◆ Data to use ◆
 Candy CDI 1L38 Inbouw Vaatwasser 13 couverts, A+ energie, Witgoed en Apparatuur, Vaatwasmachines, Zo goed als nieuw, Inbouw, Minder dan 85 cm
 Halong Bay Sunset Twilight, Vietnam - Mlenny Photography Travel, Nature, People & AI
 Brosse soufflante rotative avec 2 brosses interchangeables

==

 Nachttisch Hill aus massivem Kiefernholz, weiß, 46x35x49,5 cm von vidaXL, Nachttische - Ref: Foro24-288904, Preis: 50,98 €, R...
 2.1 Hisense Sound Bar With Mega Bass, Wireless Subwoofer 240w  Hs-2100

...

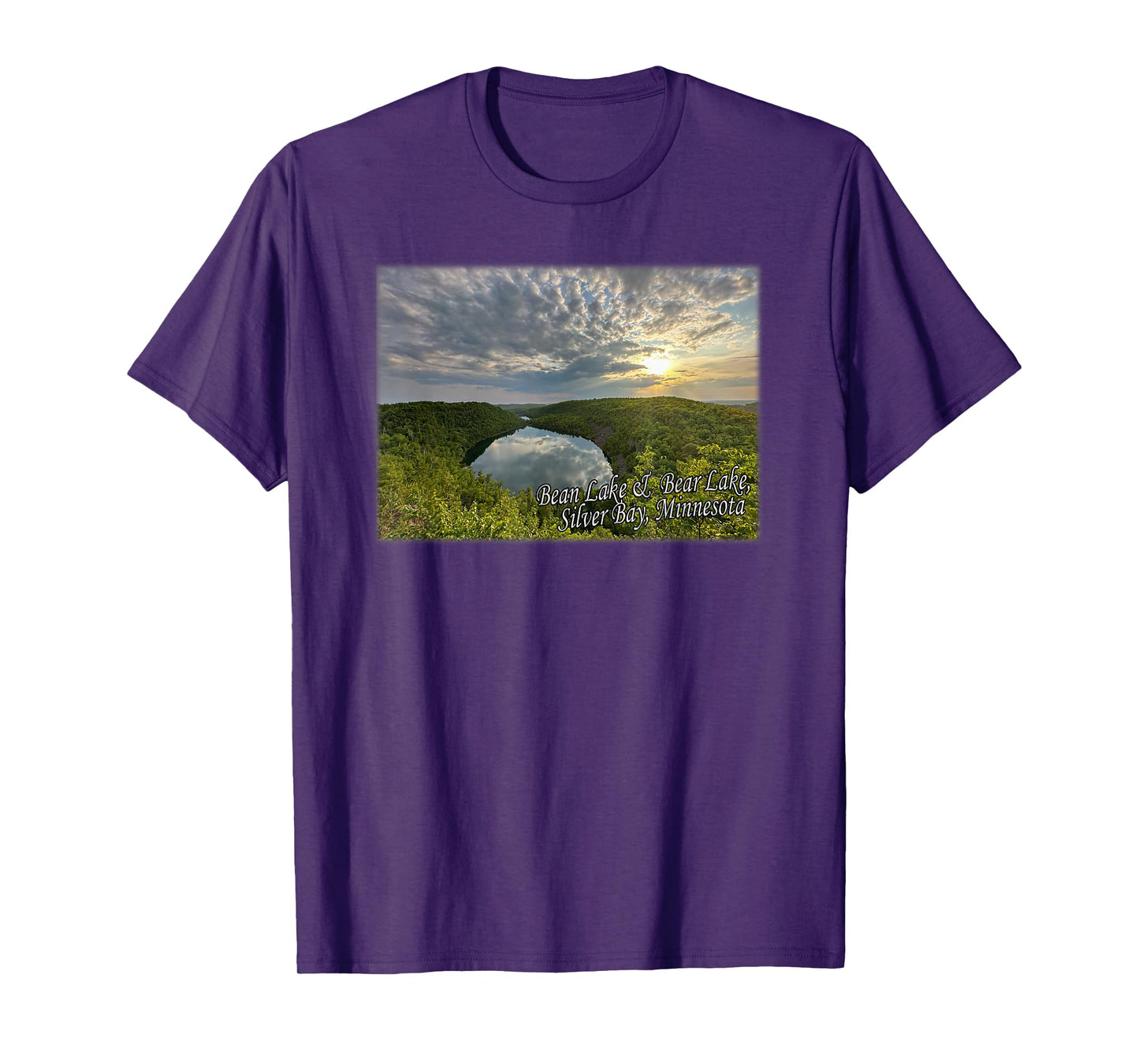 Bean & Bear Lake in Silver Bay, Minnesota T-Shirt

◆ What is being asked ◆
Would you retype exactly the lines above, from the line with "Candy CDI 1L38" to the line with "Brosse soufflante rotative", with both end lines kept and nothing more?

◆ Finished task ◆
 Candy CDI 1L38 Inbouw Vaatwasser 13 couverts, A+ energie, Witgoed en Apparatuur, Vaatwasmachines, Zo goed als nieuw, Inbouw, Minder dan 85 cm
 Halong Bay Sunset Twilight, Vietnam - Mlenny Photography Travel, Nature, People & AI
 Brosse soufflante rotative avec 2 brosses interchangeables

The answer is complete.